Trust is the lubricant for transactions.

Trust is the lubricant for transactions. ~Don Peppers

Growing up with three older brothers on a farm, I was more than encouraged to learn a thing or two about auto mechanics. Of course I needed to know how to check my oil, change a tire, and I was also given a thorough course in how to change my own oil (which I never actually opted to do). Understanding the importance of well-maintained lubricants so engines run efficiently is something I’ve been familiar with for quite some time.

For decades, business academic curriculum and organizational practices have focused heavily on transactions – systems, production, processes, policies, project management, etc. All of those transactions represent the metal parts of an engine, which are necessary, but without any grease, oil, or lubricant, it’s just metal rubbing against metal. Not efficient, and a really good chance the engine won’t even run. Don Peppers, with thoughts by Faisal Hoque, describe the new era of organizations.

Trust is the lubricant.

Trust is the lubricant for transactions. We no longer work in an era in which we try to make everything as efficient as possible; rather, we’re trying to be more agile and more innovative, to move more quickly with our iterations. Relationships are the bandwidth within an organization, which means we need to be deliberate in forming them.

I spend a great deal of time working with organizations on strategic planning. I’ve learned, maybe the hard way, that effective strategic planning is supported by deliberate and intentional leadership development and coaching. Or, said another way, forming the relationships (i.e., bandwidth) so the strategic plan can gain traction and move the organization forward.

It’s still very common for individuals with innate strategic thinking and analytical skills to move into leadership positions within organizations. Strategy is still critical. However, strategy without attention to relationships and culture—the lubricant that builds trust and enables the transactions to take hold—is short-lived with only minimal success. It’s like metal rubbing against metal; inefficient and many times painful. 

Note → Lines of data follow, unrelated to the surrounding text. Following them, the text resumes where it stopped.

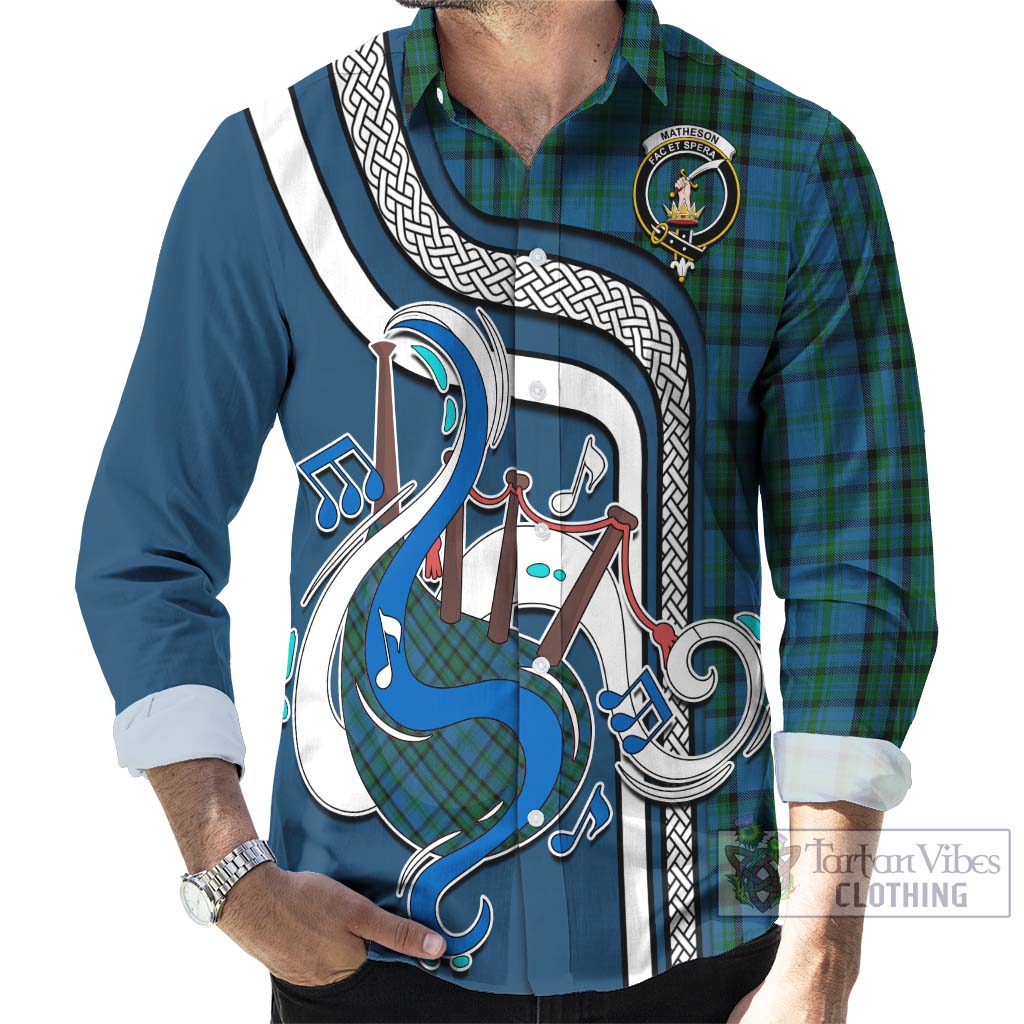 Tartan Vibes Clothing Matheson Hunting Tartan Long Sleeve Button Shirt with Epic Bagpipe Style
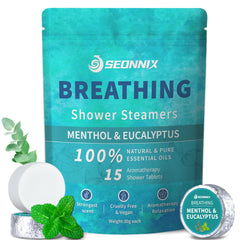 SEONNIX shower steamers menthol eucalyptus pack releasing refreshing aroma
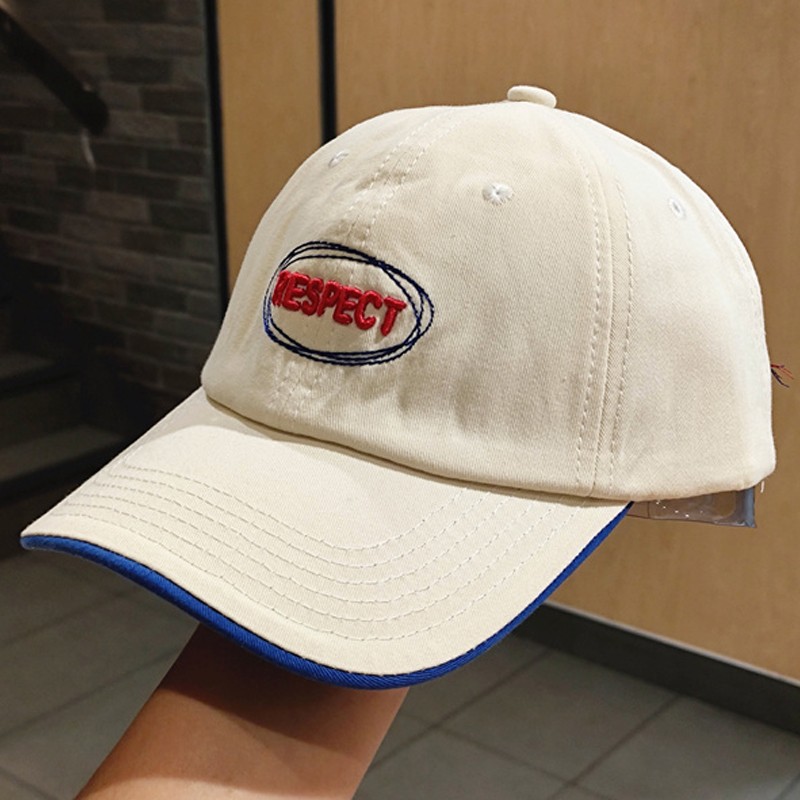 诺芝萌respect致敬长带棒球帽子男女士刺绣字母弯檐鸭舌帽户外太阳帽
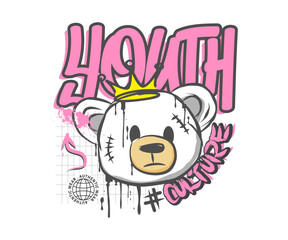 youth culture typography with bear doll graffiti art style vector illustration on white background, vector illustration for t shirt design, streetwear, or hoodie
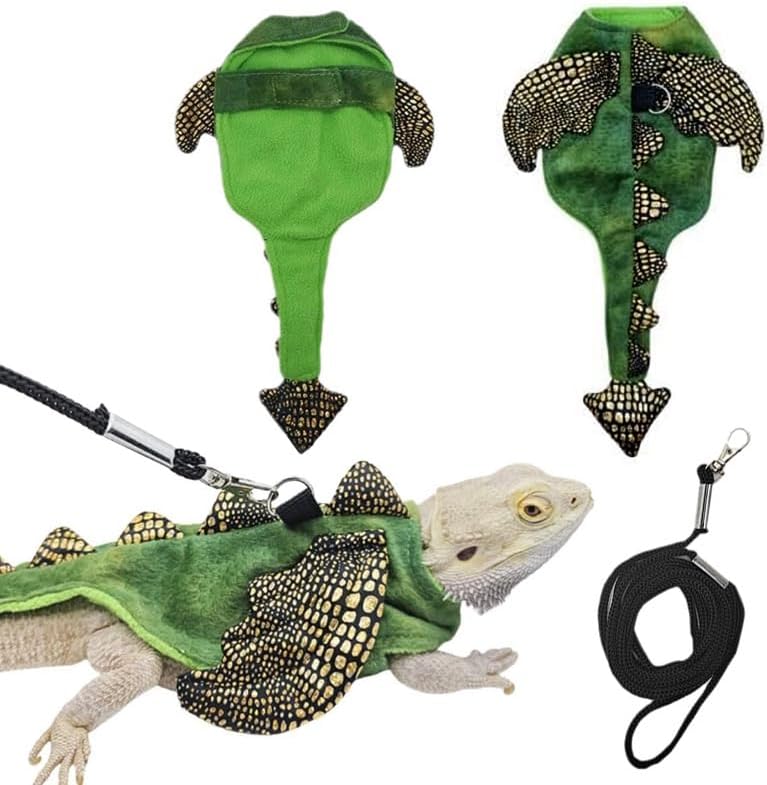 Bearded Dragon Harness Leash Set, Dinosaur Cosplay Halloween Pet Costume for Bearded Dragon Reptiles (Small)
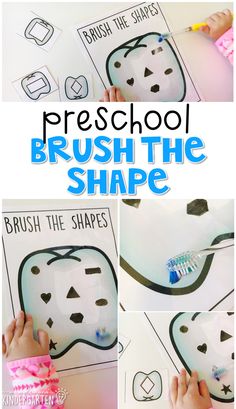 this is an easy and fun activity for kids to learn how to brush the shape of a toothbrush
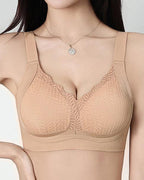 Casual Seamless Wavy Edge Wide Shoulder Straps Underwire Push-up Breathable Bra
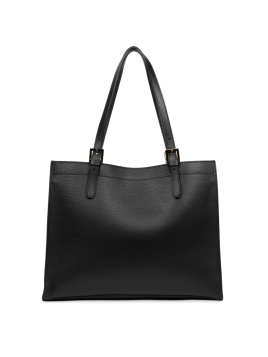 Lancaster 470-24 - CUIR DE VACHETTE - NOIR Foulonné Double - Sac cabas épaule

Relationships are the bandwidth.

Trust is the lubricant for transactions and relationships are the bandwidth within organizations. Trust is the lubricant for transactions and relationships are the bandwidth organizations. That’s not a typo; I intended to repeat myself because I think it’s worth repeating. 

I frequently watch executives study numbers, charts, and data in an effort to create a business strategy to turnaround or re-invigorate their organization. They do this with the belief that if they can make the numbers make sense, then everything will easily fall into place. And the numbers are important; I’m not intending to discount sound financial and analytical management. However, that’s simply not enough, not today. The real bandwidth of today’s organizations is not balance sheets and cash flow statements. 

Just in case you missed the point I was trying to emphasize: Trust is the lubricant for transactions and relationships are the bandwidth within organizations. It’s another paradox of leading with bold grace.